Check plugins for services.cfg nagios 1.4


#1

Hello.

I need some major assistance with a problem I am unsure of how to solve.

I notice that when I use check_ping to monitor a service in service.cfg, nagios will often times tell me something is down when it is not. A false positive. I know it’s not down due to I can ping it, and the host never goes down, which is also being pinged.

I had tried to change these over to polling (snmp) instead of pinging. Thinking maybe it wanted an actual service to monitor, and I’ve only seen this problem with ping, and nothing else that I monitor.

Well, now I see the same problem with polling using check_snmp.
I have enough bandwidth, its not pegging the box or the core network it sits on. I also have tried a new box with a diff eithernet card.
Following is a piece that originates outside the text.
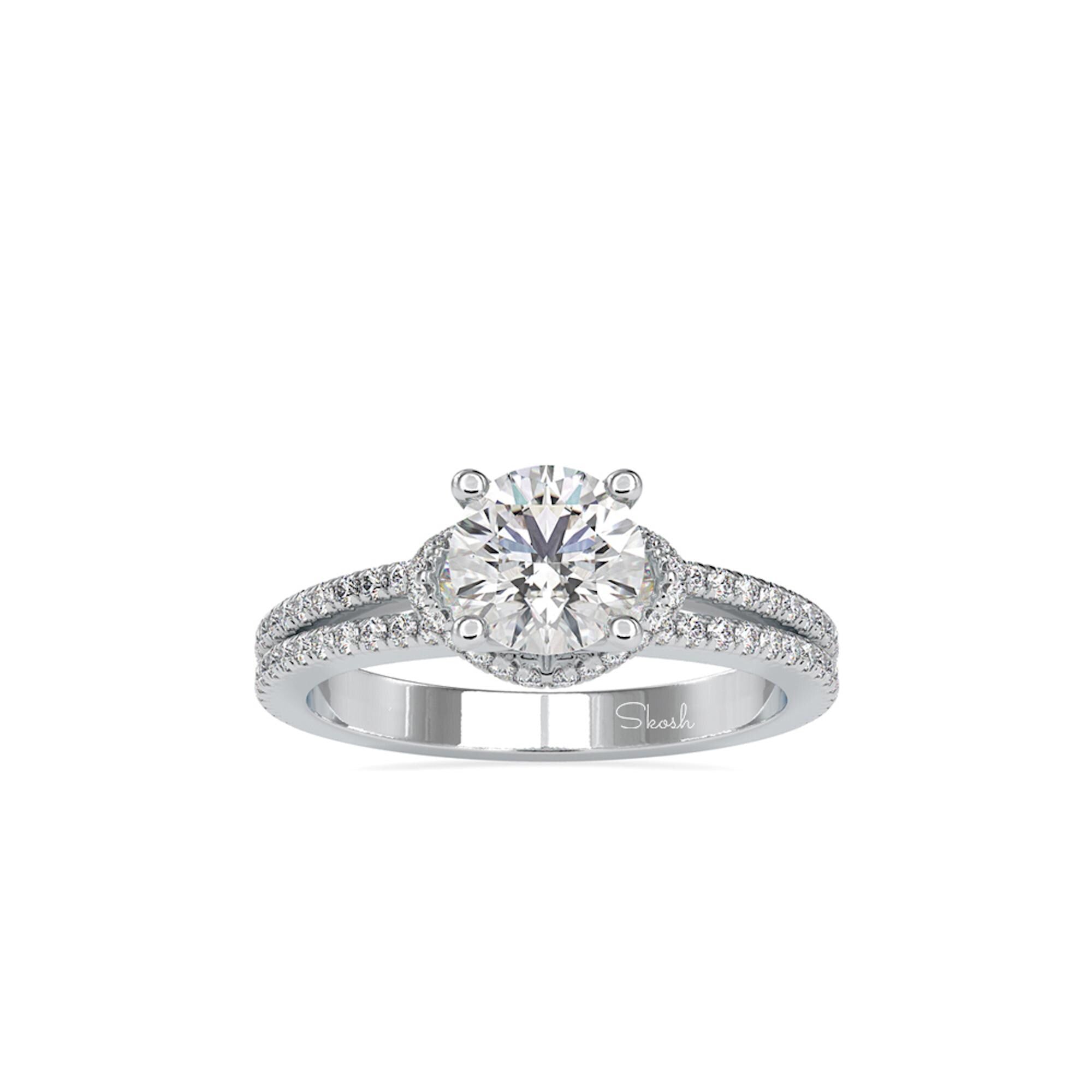 High-Set Round Cut Lab Grown Diamond Engagement Wedding Ring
I needed a faster better box anyway.

Also this is database drivin using postgres.

To make this even more fun. We’re monitoring 853 hosts, and counting.

Also could I eliminate the service.cfg and just use hosts.cfg without nagios warning me that ‘there is no service associated with this host’ ?

Does anyone have any insight on this one?

Thank you for any advice.


#2

You don’t have to have a service defined for every host, but why?
What is your
Check Execution Time: 0.00 sec 0.27 sec 0.089 sec
Check Latency: 0.00 sec 0.43 sec 0.120 sec
Most likely, you are showing a high latency due to having too many active nagios checks. Consider a passive setup.
Also, it might help to know what problem you are having. They ping but your check_ping fails? How is that again? A bit more detail would help that sound more logical.


#3

I was thinking about removing the pings/polls.

[quote1168539111]
What is your
Check Execution Time: 0.00 sec 0.27 sec 0.089 sec
Check Latency: 0.00 sec 0.43 sec 0.120 sec

hmm honestly not familiar with how to see those results. Other than by just going by what nagios reports back. In which case there is no (out of the ordinary) latency.

[quote1168539111]
Most likely, you are showing a high latency due to having too many active nagios checks. Consider a passive setup.

Okay, I shall read up on that!

[quote1168539111]
Also, it might help to know what problem you are having. They ping but your check_ping fails? How is that again? A bit more detail would help that sound more logical.

Yes, if i look at the list of hosts that I ping, they show fine, If i look at the list of services that I ping, often times, a group of them will show down, like 15 or 20 services that begin with the letter V, for example, most are in alphabetical order. :slight_smile:

I just know that we don’t have 20 VSG’s down all at once too :wink:

So both service and host check via ping, but the host shows fine and service doesn’t, and its speratic in behavior. Does this make things clearer?

Something I wonder if this has to do with the service freshness, cuz it only happens sometimes, so I’ll start to mess with some settings, It’s got to be something with a setting somewhere :slight_smile:


#4

Freshness checking is for passive checks. Are you scheduling host checks? If so, why? I ask because you say your host checks are fine, but the service pings are not. Just a FYI, nagios doesn’t run host checks every 5 minutes, unless you have specifically configured it to do so, and you shouldn’t. It severely impacts perfomance.
The output of a service check would help alot more than just “pings fail”.
Provide the latency and execution time info by looking at Performance Info on the nagios website.


#5

no, not scheduling host checks here.

Alright, next time it goes flakey on me ill get a few examples. It may be today, it may be tomorrow, but I’m sure it’ll happen again :).

Thanks!

PS.
Check Execution Time: < 1 sec 5 sec 0.364 sec
Check Latency: < 1 sec 66 sec 18.716 sec


#6

Hopefully this gives some idea. Those VSG’s where not down at all.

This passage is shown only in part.